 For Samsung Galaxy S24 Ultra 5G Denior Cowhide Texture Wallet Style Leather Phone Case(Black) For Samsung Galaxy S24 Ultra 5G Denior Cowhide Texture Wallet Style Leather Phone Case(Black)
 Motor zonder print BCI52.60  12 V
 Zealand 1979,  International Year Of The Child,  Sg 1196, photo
━━━━━━━━━━━━━━━━━━━━
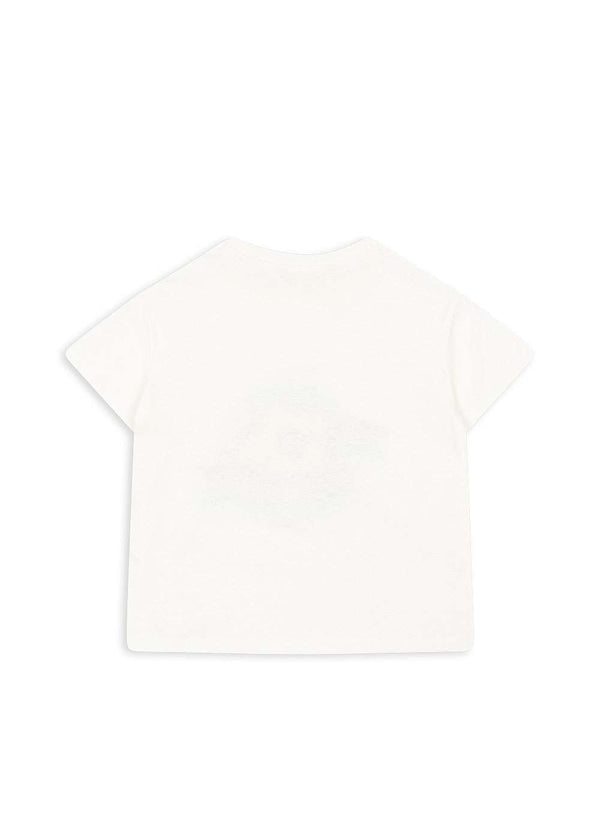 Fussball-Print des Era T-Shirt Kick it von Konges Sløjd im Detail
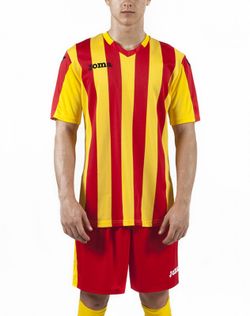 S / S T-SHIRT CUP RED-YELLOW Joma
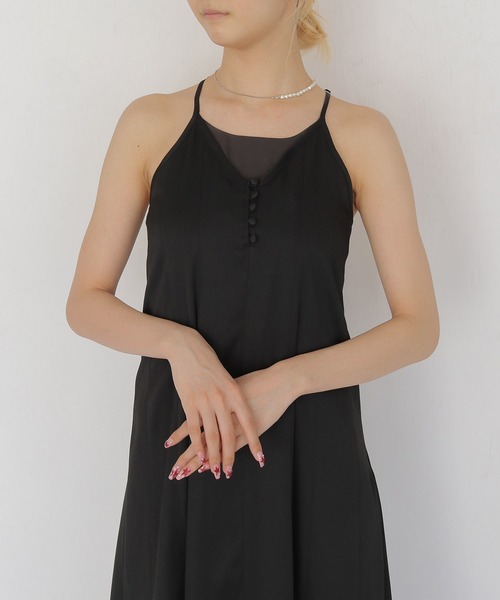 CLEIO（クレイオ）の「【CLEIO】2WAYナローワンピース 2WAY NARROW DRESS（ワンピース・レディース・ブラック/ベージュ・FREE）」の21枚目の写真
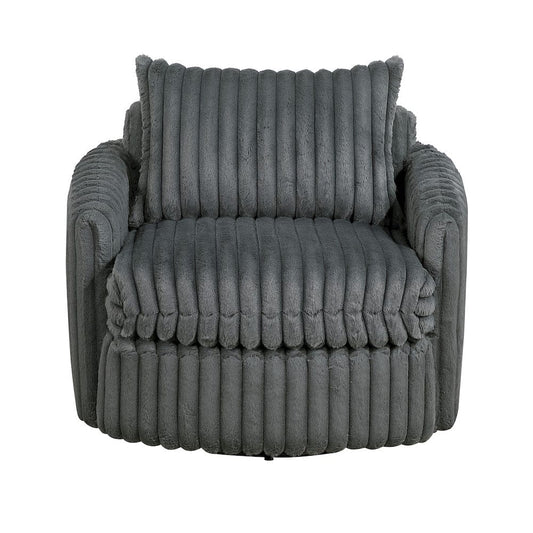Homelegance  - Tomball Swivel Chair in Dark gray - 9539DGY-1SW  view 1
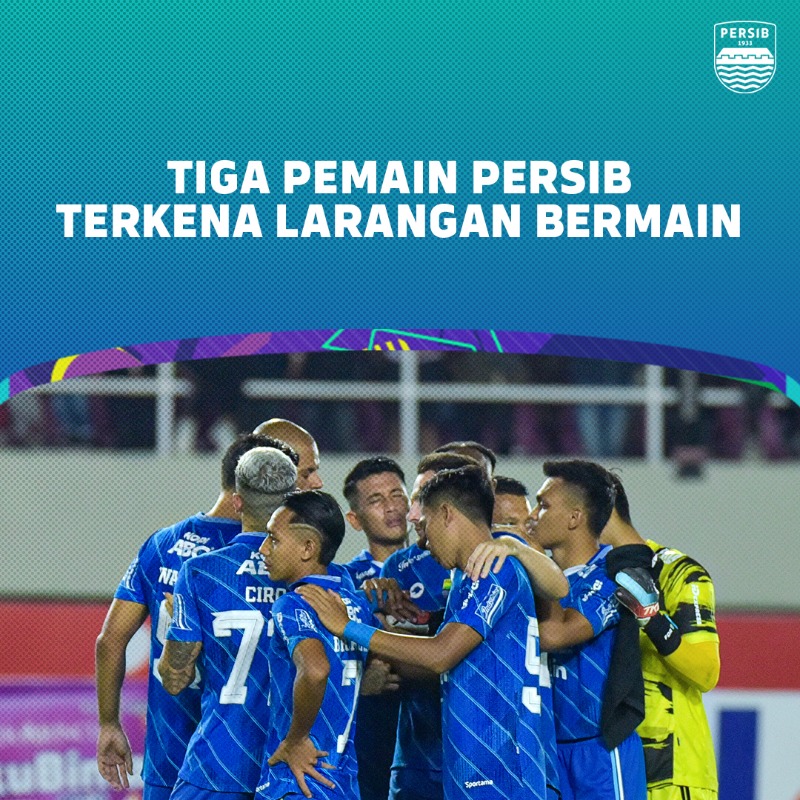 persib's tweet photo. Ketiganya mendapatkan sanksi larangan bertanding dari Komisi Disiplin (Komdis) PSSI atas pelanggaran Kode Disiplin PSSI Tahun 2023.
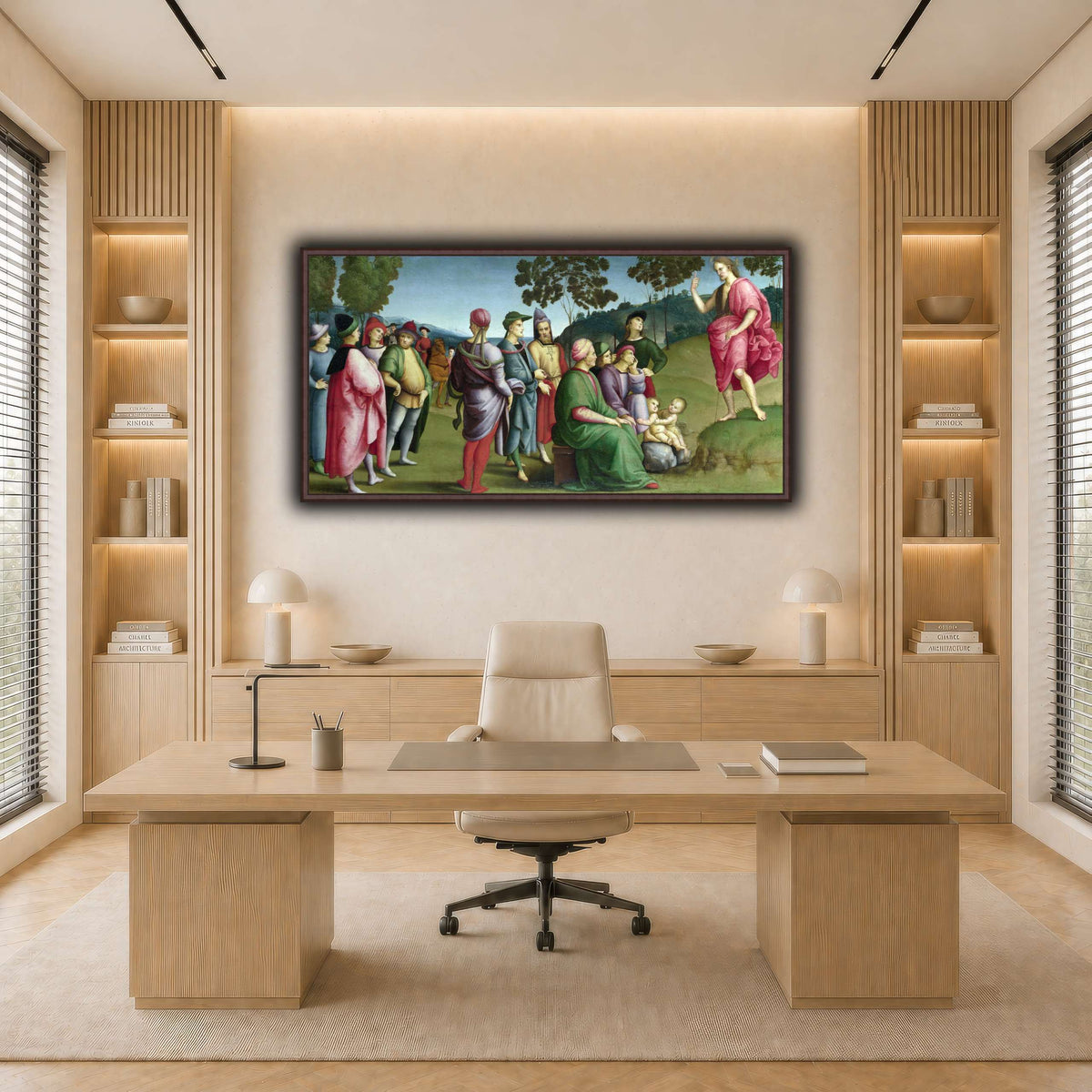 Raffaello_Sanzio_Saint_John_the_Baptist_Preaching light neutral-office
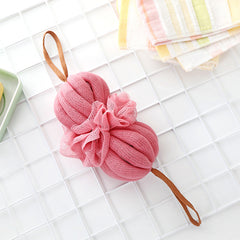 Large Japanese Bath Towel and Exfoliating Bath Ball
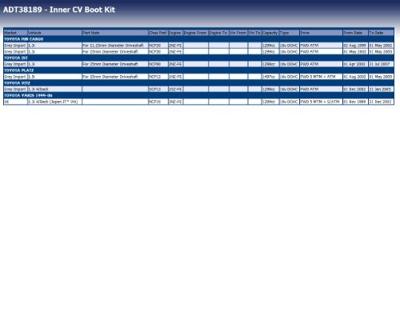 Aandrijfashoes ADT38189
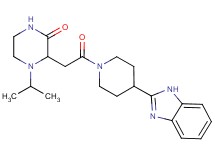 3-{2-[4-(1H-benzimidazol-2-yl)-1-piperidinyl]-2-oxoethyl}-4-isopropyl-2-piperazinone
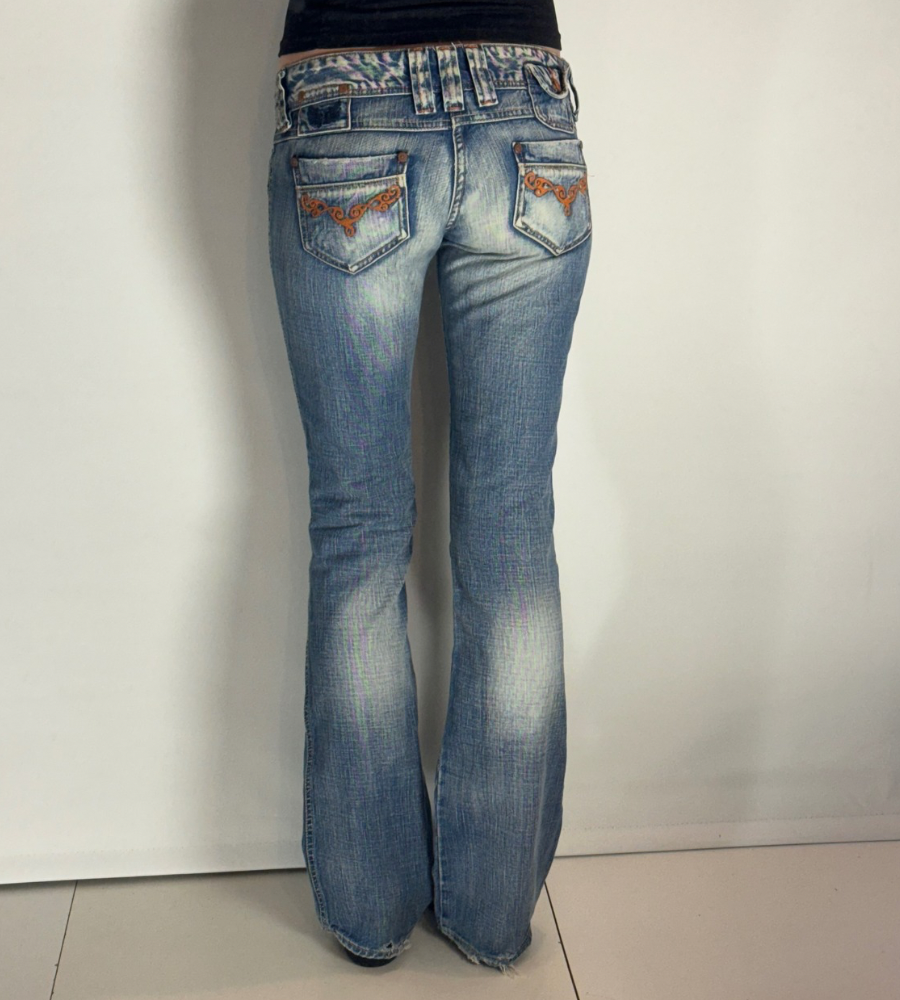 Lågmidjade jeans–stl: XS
━━━━━━━━━━━━━━━━━━━━
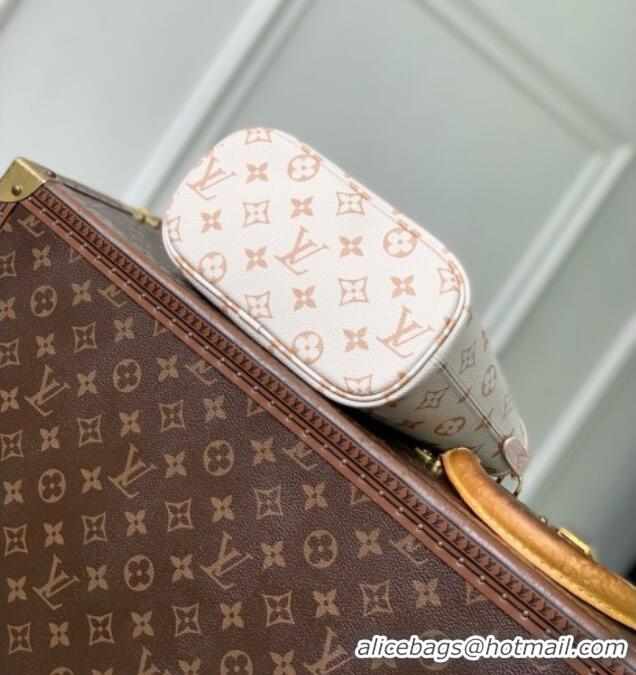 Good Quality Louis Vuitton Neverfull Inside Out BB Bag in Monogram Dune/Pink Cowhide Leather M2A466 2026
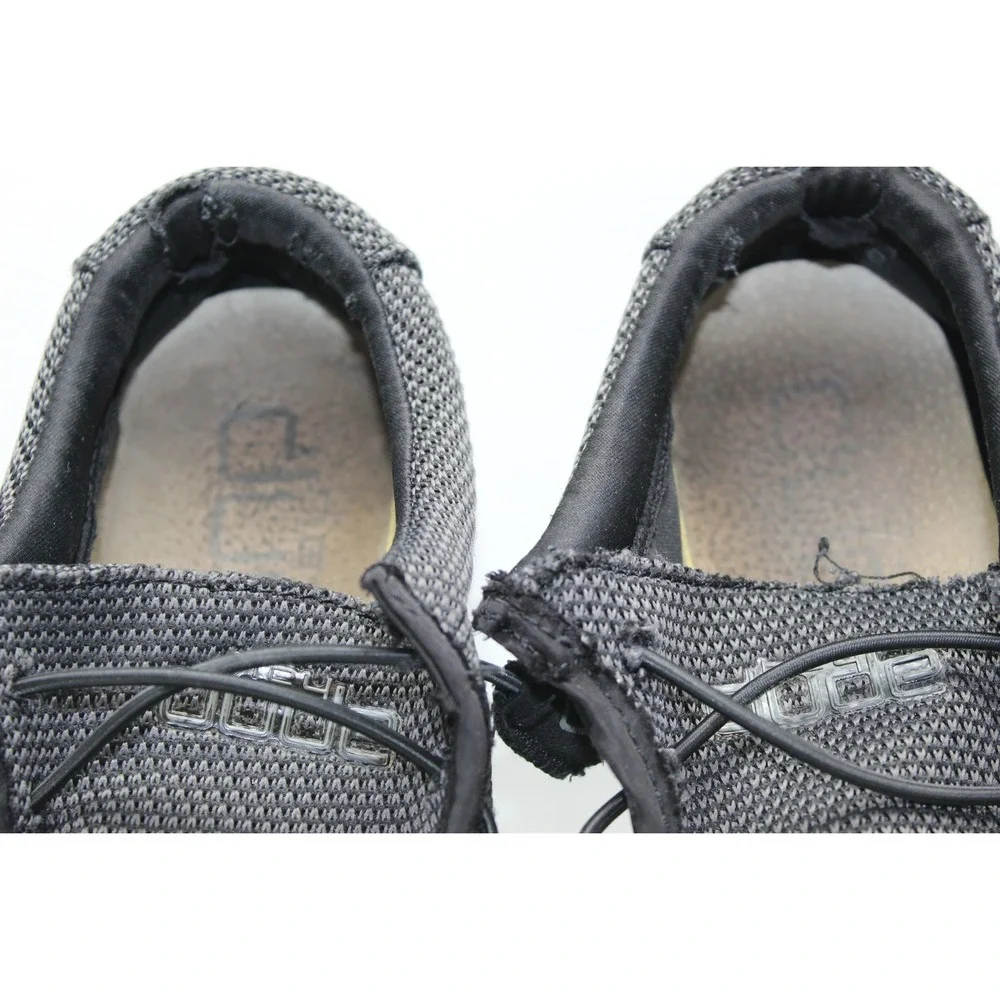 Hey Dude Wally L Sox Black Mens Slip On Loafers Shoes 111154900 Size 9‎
━━━━━━━━━━━━━━━━━━━━
> [What you need to do]: Starting at the line containing "Aandrijfashoes ADT38189" and finishing at the line containing "Lågmidjade jeans–stl: XS", return those lines exactly as they appear above, without the pictures.

> [Output for this task]:
 Aandrijfashoes ADT38189
 3-{2-[4-(1H-benzimidazol-2-yl)-1-piperidinyl]-2-oxoethyl}-4-isopropyl-2-piperazinone
 Lågmidjade jeans–stl: XS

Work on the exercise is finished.